### EXERCISE AIM
Please repeat exactly the lines from the one containing "Chicago Blackhawks right" through the last line of the records, both included, and nothing else, leaving out any pictures.

——————————

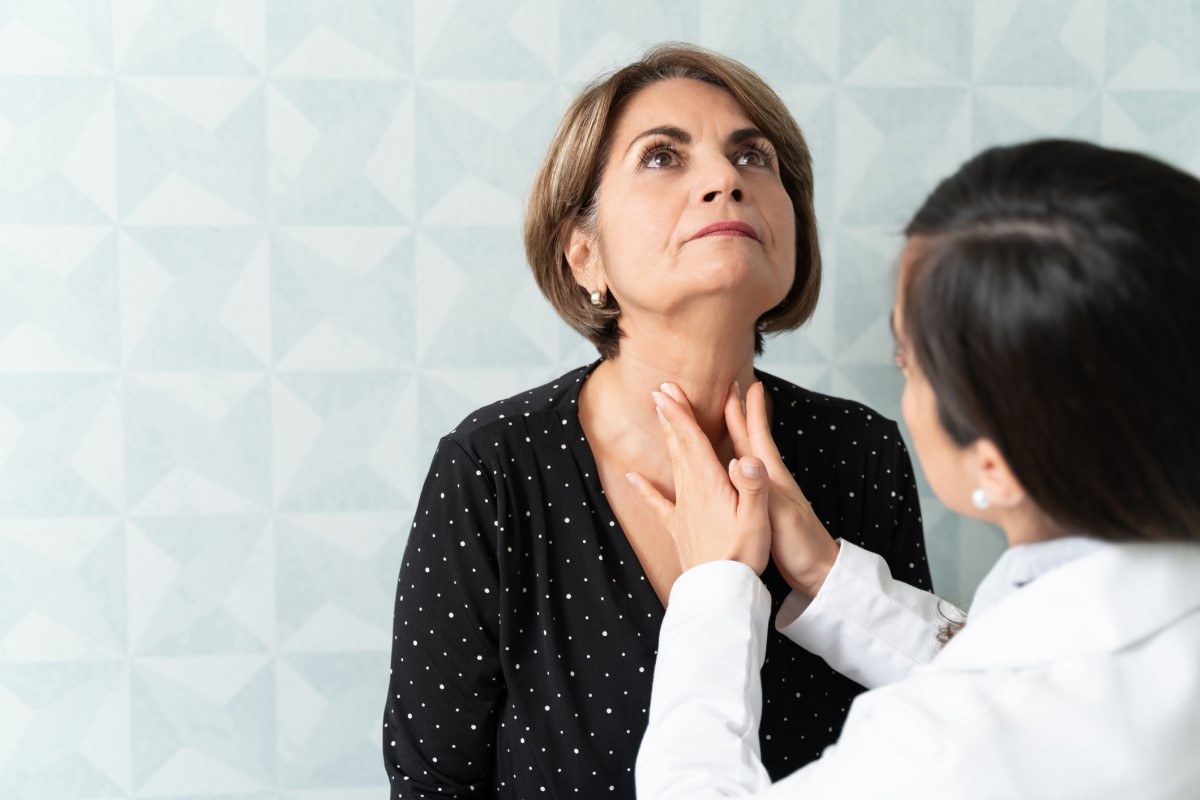 Médecin palpant la glande thyroïde, femme âgée assise en face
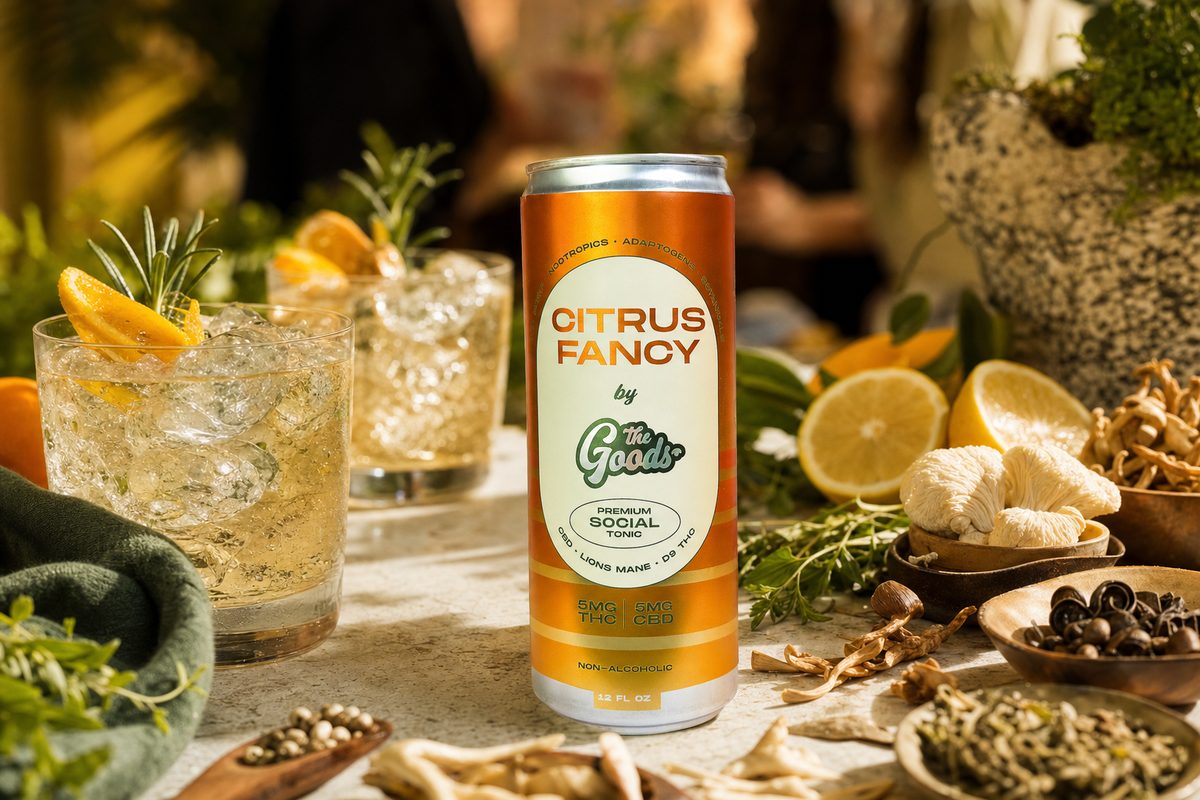 Orange "Citrus Fancy" social tonic can beside iced garnished cocktails, mushrooms, herbs, and lemons on a table.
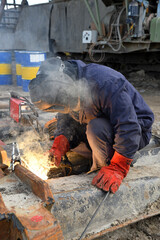 A worker welding metal parts on a construction site. A welder welds parts of a large machine in an open pit coal mine. An interesting example of manual work.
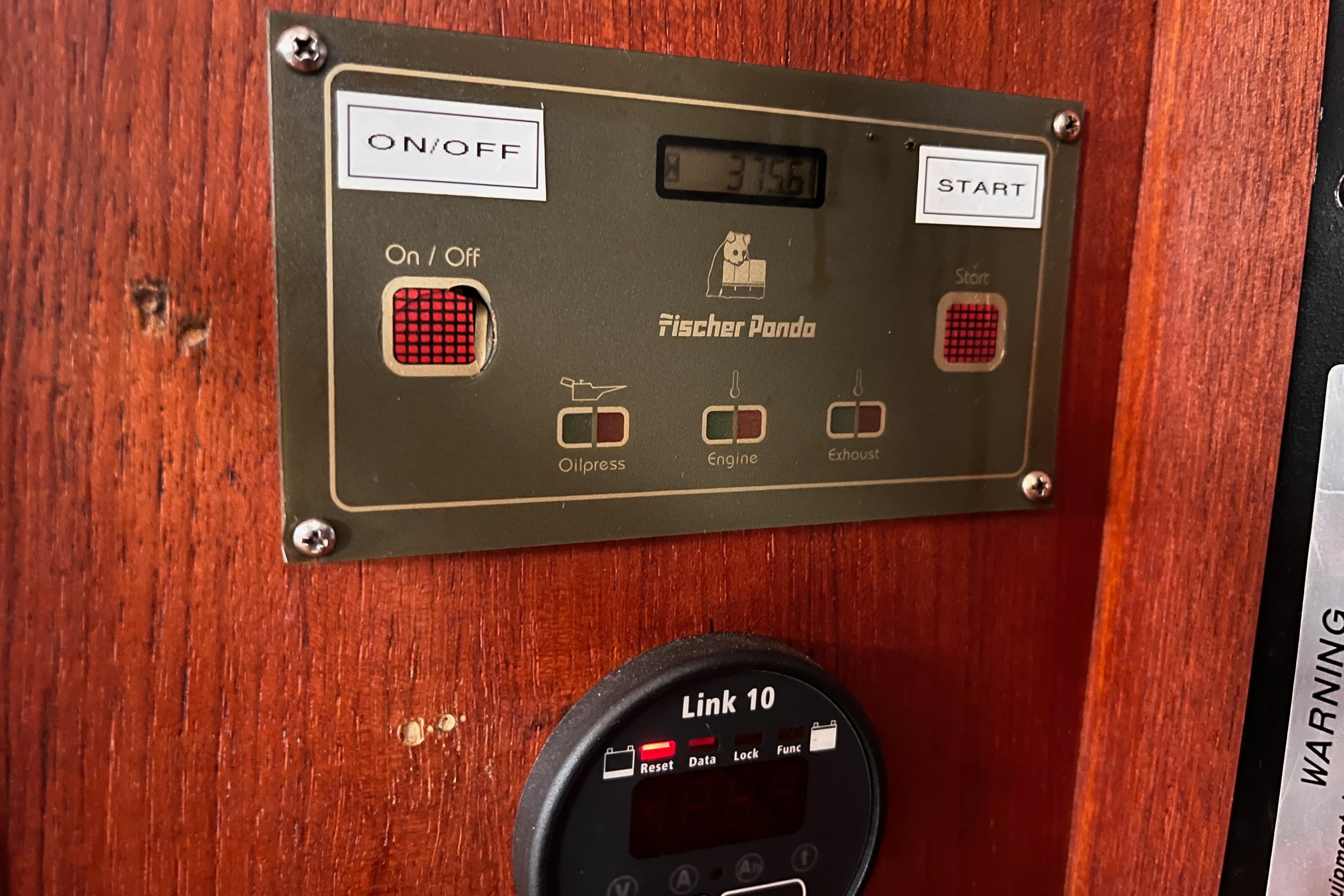 Fischer Panda control panel on 2000 Island Packet 350 sailboat, featuring on/off and start buttons.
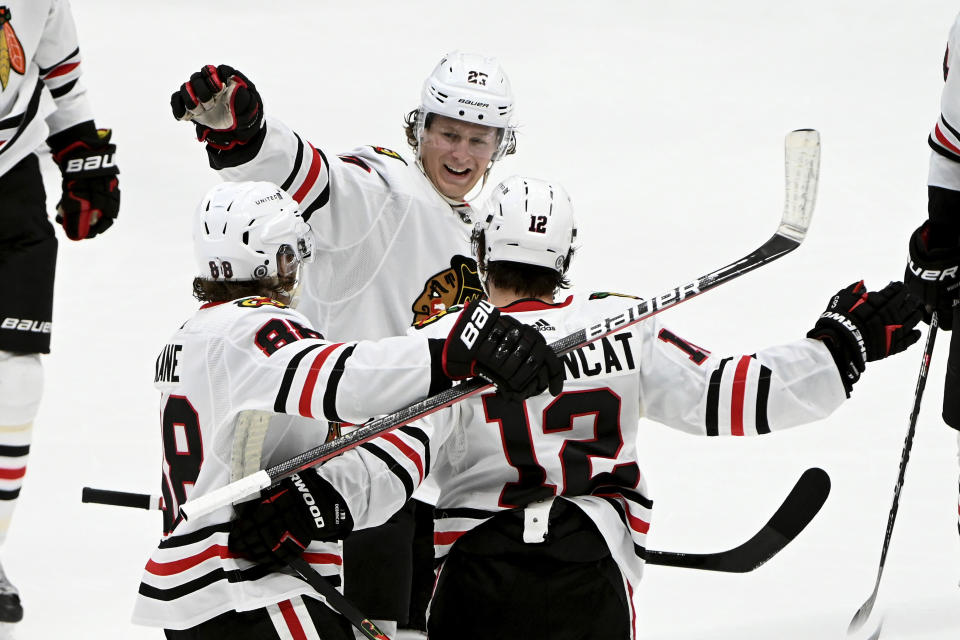 Chicago Blackhawks right wing Patrick Kane (88), defenseman Adam Boqvist (27) and left wing Alex DeBrincat (12) celebrate after DeBrincat's goal during the second period of the team's NHL hockey game against the Dallas Stars in Dallas, Thursday, March 11, 2021. (AP Photo/Matt Strasen)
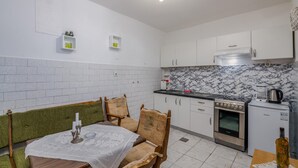 Eine kompakte Küche mit weißen Schränken, einer Marmor-Spritzschutzwand, einem Herd, einer Kaffeemaschine und einem kleinen Kühlschrank.
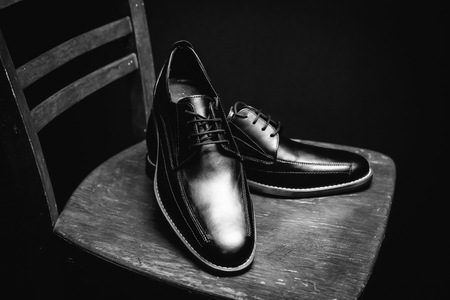 Black man's shoes on wooden chairの写真素材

——————————

### FINISHED TASK
 Chicago Blackhawks right wing Patrick Kane (88), defenseman Adam Boqvist (27) and left wing Alex DeBrincat (12) celebrate after DeBrincat's goal during the second period of the team's NHL hockey game against the Dallas Stars in Dallas, Thursday, March 11, 2021. (AP Photo/Matt Strasen)
 Eine kompakte Küche mit weißen Schränken, einer Marmor-Spritzschutzwand, einem Herd, einer Kaffeemaschine und einem kleinen Kühlschrank.
 Black man's shoes on wooden chairの写真素材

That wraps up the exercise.